New Value is a Function of Failure, not Success.
I recently stumbled across this sentence. It’s the perfect encapsulation of how to create new value. Note that this is about new value specifically, not value in general. There is, of course, plenty of value being created by optimization – leveraging Wright’s Law to bring down the cost as a function of cumulative production.
But new value is different. You can’t invent anything without failure. But not all failure is created equal: You heard about Silicon Valley’s favorite mantra: Fail fast, fail often, fail forward. Most people emphasize the first two aspects (fast and often) and forget about the third. Failing forward means learning. Failure without learning (and as such systematic, recorded and reviewed learning) is useless. Alas – we all too often get caught up in the thrill of experimentation, launching early and often and the lure of the pivot.
The best teams I ever worked with act much more like scientists in a lab than adrenaline-seeking startup jockeys.

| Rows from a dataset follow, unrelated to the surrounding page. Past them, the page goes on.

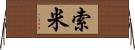 Somy Horizontal Wall Scroll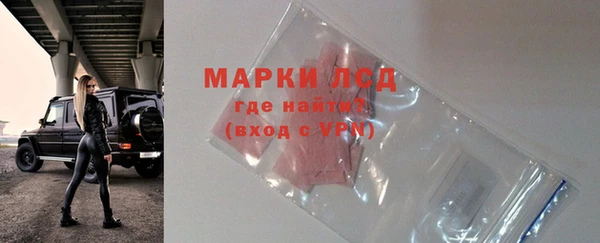 бутират Нея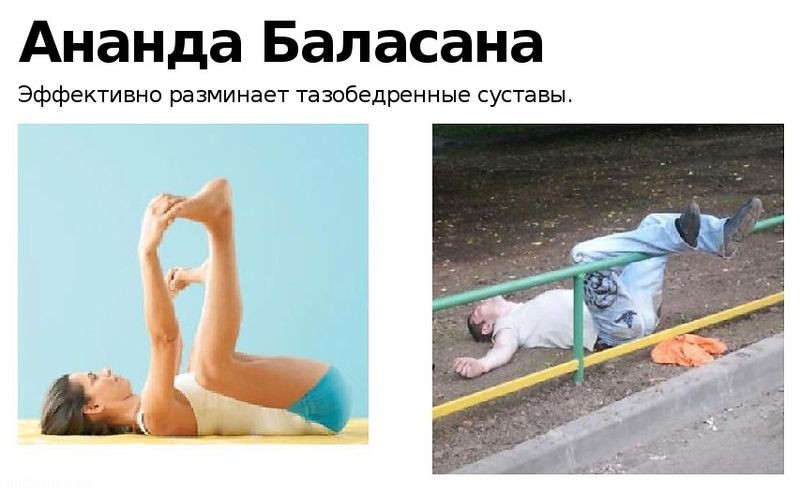 Русская народная йога: учимся правильно расслабляться перед праздниками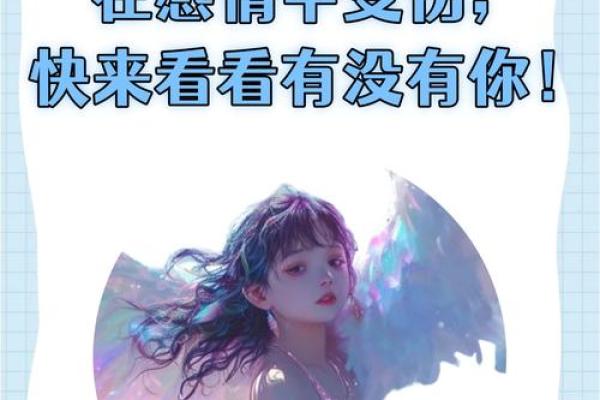 失恋了,12星座会有思想包袱吗? 失恋了,12星座会有思想包袱吗?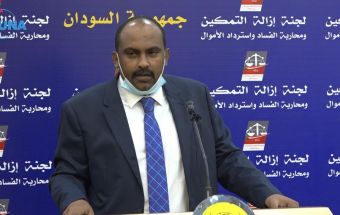 صورة السودان: محمد الفكي: القبض على عناصر مخربة من أنصار النظام البائد
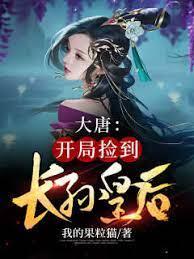 大唐：開局撿到長孫皇后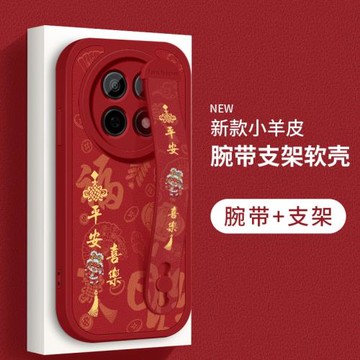 oppoA5pro手機殼新款oppoA5小羊皮平安喜樂硅膠軟殼高級PKP110腕帶支架防摔保護套男女新年oppoA5活力版適用
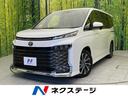 ヴォクシー　宮城県 両側電動ドア　純正１０．５型ディスプレイオーディオ　バックカメラ　禁煙車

They formulate a clear, distinct and testable hypothesis, figure out the fastest and cheapest way to verify or falsify the hypothesis, run the experiment, capture the result, mull it over and create their follow-on hypothesis based on their findings.
A dear friend of mine once described this as the “drunken walk of the entrepreneur”. I think that metaphor, as lovely as it is, could be made better: The best entrepreneurs are not stumbling forward, barely knowing where it is they want to end up – but rather like the captain on a ship in rough waters: Knowing exactly where they want to go, steadying themselves against the elements but also embracing the intricate dance between their ship and the sea.